Persistence: I believe that history can be a powerful teacher of the principle of persistence in the face of failure. This is an important lesson for young people, many of whom have grown up in an environment of plenty where deferred gratification is not part of the vocabulary, and most of whom have never made less than a B in a course. Some of the greatest achievements in mechanical engineering (e.g., diesel and jet engines) came about only after years of multiple, often catastrophic, failures. When I introduce these innovations in my classes, I like to tell the stories of their inventors and the trials and tribulations they faced in bringing their inventions to fruition. These stories are more than just entertaining … they carry a powerful message that is central to the education of a professional engineer.
Then, there is what I call the "50th percentile" problem.
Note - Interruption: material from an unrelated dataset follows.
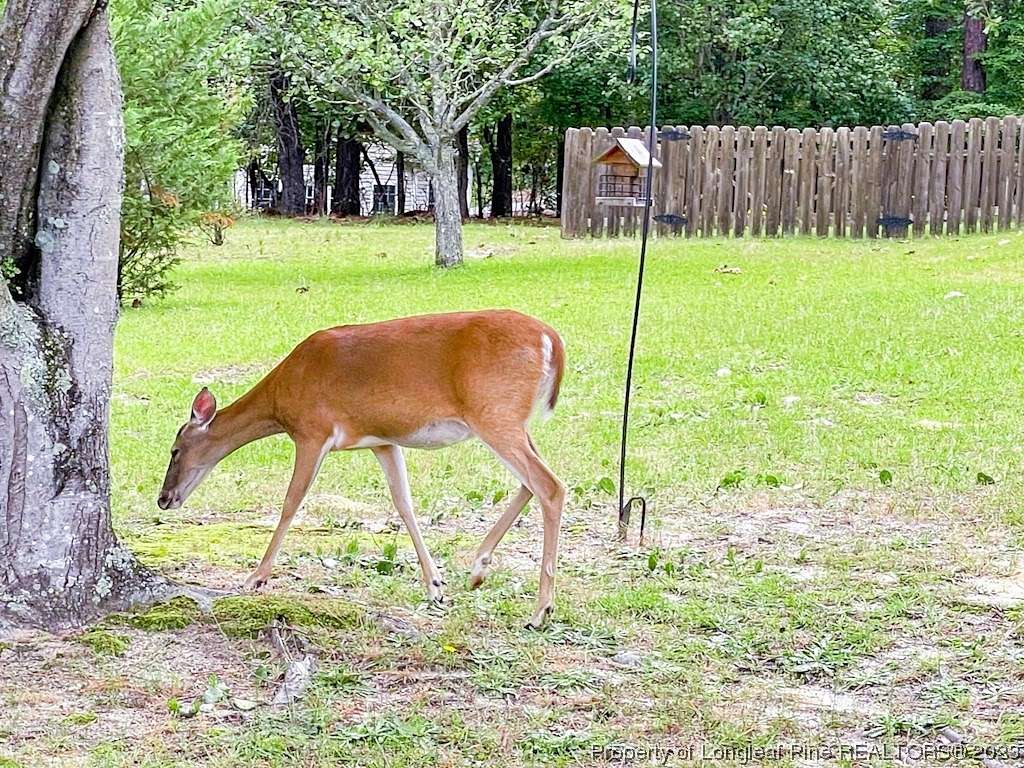 0.43 Acres of Residential Land for Sale in Sanford, North Carolina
It is tempting, as teachers, to focus most of our attention on the best of our students, the top 25% who sit in the first couple of rows, who get all the homework right without help, and make near-perfect scores on all the exams. Over the years, however, I have come to appreciate another group of students who, while not superstars, are hardworking and really want to do well. They are the ones who come to my office in embarrassment after failing the first exam wanting to know if there's any way they'll be able to pass. They generally have gotten off to a slow start, gotten behind the curve, and lost their self-confidence. I try to reassure these students that there's still a long way to go, both in my course and in their lives, and that early failure is not uncommon in our chosen profession. I sit down with them and go over their papers to pinpoint the source of their problems, then invite them to come to my office hours on a regular weekly basis before the next exam. This almost always results in improved performance, sometimes to an impressive degree, and can be a transformative experience for the student.
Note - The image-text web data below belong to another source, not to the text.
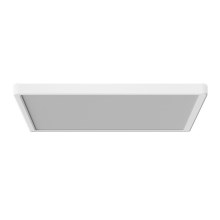 Azzardo AZ5361 - Plafón LED para baño con sensor PANKA LED/24W/230V IP40 blanco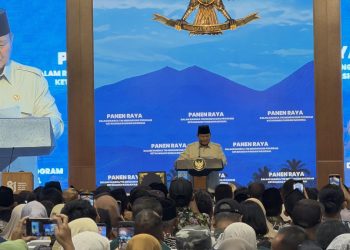 Harga Beras Meningkat? Tanam Padi Secara Mandiri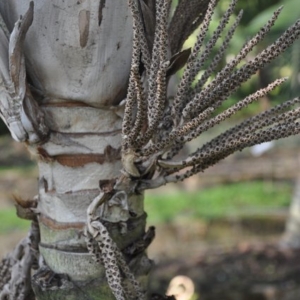 burretiokentia dumasii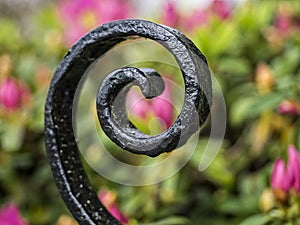 Wrought iron decoration img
Because thermodynamics is a "gateway" course to the rest of the Mechanical Engineering curriculum, those students who fail to make the required C frequently come to me to ask whether they should even try to continue their engineering studies. For these students, I relate my own true story, that thermodynamics was the first (and only) course I failed in college and had to take over again. I also remind them of my "heroes," who made great contributions to the field of engineering after overcoming not only failures in the lab but the doubts of their supporters.
In my career at UT, I have attended virtually every commencement exercise for our engineering students. Nothing gives me more satisfaction than seeing the faces and meeting the families of those I've been honored to teach as they walk across the platform to receive their diplomas. And of those, the “hook ‘em” sign from the 50th percentilers whom I talked out of quitting bring me the greatest pleasure of all.